Малларме вместе со своими горячими последователями считал, что этот метод отражает сопротивление человека духовному уничтожению, идентификацию (но только в форме намека) «les mots sans rides», «слов [а потому также и идей, моментов] без порока», поэтическую передачу «колодца смыслов», поскольку этот колодец неисчерпаем и не линеен, «но скорее подобен кольцевому вихрю в непрерывном движении».[279]
Ключевым аспектом этого метода (и он во многом доминировал в поэзии на протяжении ХХ века) было «именование» – раздача имен окружающим вещам, не интроспекция как таковая, но поиск имен для «спасительных характеристик равнодушной вселенной», поиск имен, если воспользоваться одной его знаменитой фразой, для тех цветов, «которых нет ни в одном из букетов». Именование, говорил Малларме более прямо, «не есть ссылка на форму, которая известна нам по опыту и которую мы можем распознать в естественном окружении». О том же можно сказать иначе: «Восприятие незаметного происходит не через искажающие линзы, но через рациональную адаптацию неожиданных лингвистических ассоциаций»: он также называл это просачиванием слов. По сути дела, это и есть символизм, создание «иного» мира, «промежуточное пространство», которое зависит только от силы языка и дает нам яркие переживания в реальном времени, здесь и сейчас.[280] Для Малларме, как он сам прямо признавался, этот подход заменил богословскую телеологию «куда более практичным представлением о жизни на этой планете».[281] Он вместе со своими последователями считал, что поэзия должна избавиться от своего нарратива и миметических традиций и создавать свой собственный вымысел, собственную реальность, «онтологию, отделенную от богословского восприятия мира».[282]

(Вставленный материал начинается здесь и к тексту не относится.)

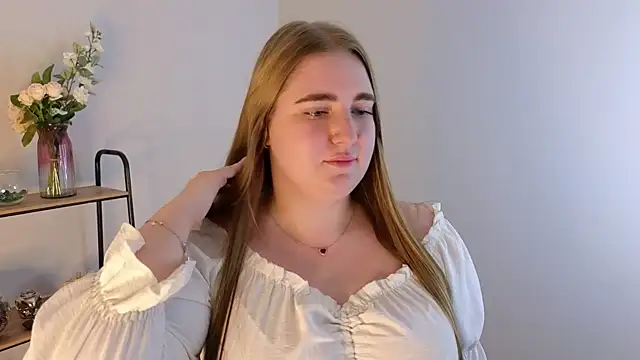 Snapshot of HaileyClifford chatting on 6, 8, 2026 HaileyClifford online show from 6, 8, 2026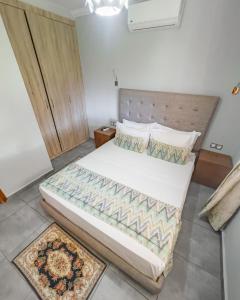 Un dormitorio con una cama grande con sábanas y almohadas blancas. en Elegant Family Chalet a Imi Ouaddar Comfort & Calm, en Agadir 9 fotos más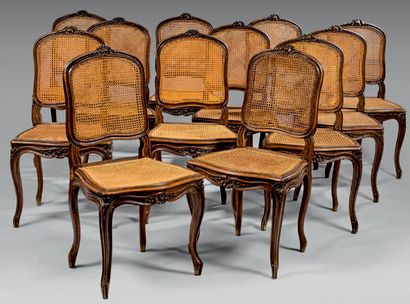 null Suite de douze chaises cannées à dossier plat en hêtre sculpté de coquilles...
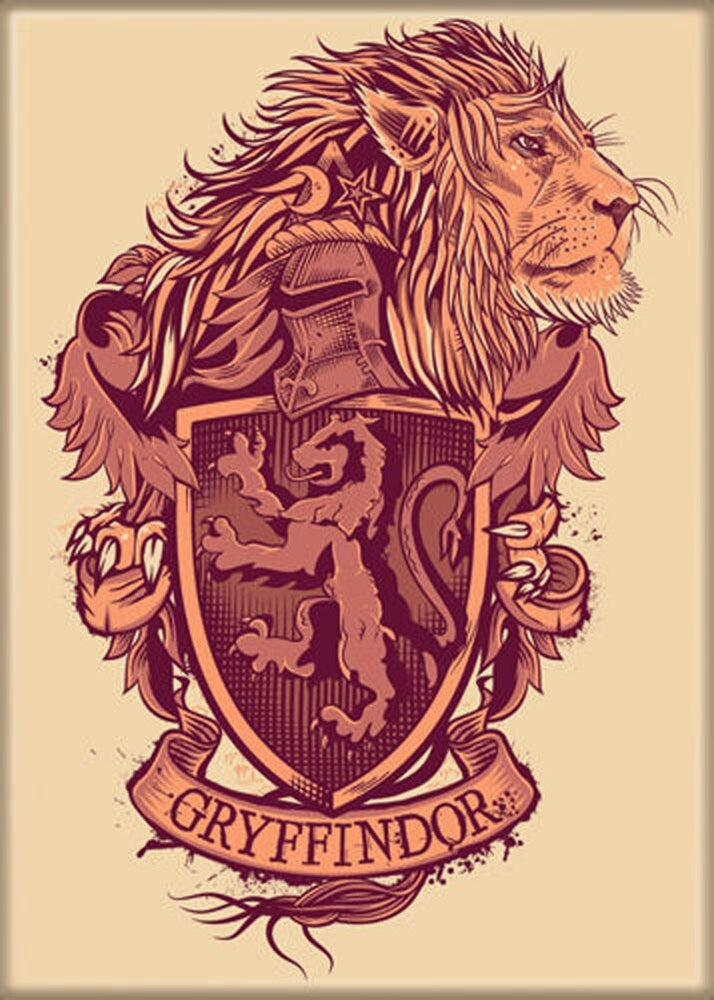 Harry Potter: Gryffindor Crest Magnet - Alternate (ONLINE ORDER ONLY)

Вот что он пытался сделать в таких произведениях, как «Иродиада» и «Послеполуденный отдых фавна» – он видел в них часть новой «цельной ментальности»: ментальности именования, когда имена получают не просто новые формы, но новые тайны в неистощимом и непредсказуемом мире, поскольку человечество всегда жаждет обрести «второй шанс», вторую попытку, которая позволила бы нам не растратить понапрасну доставшееся нам наследство и не ограничиваться той жизнью, которую мы знали до сих пор. Мир состоит из залежей вторых попыток, обещаний преодолеть себя, которые мы даем, сражаясь с судьбой и стремясь создать «не поддающиеся описанию» пространства или «неопределимые рамки времени», чтобы «лишить природу процессов распада»; такое творческое присвоение имен может производить только язык.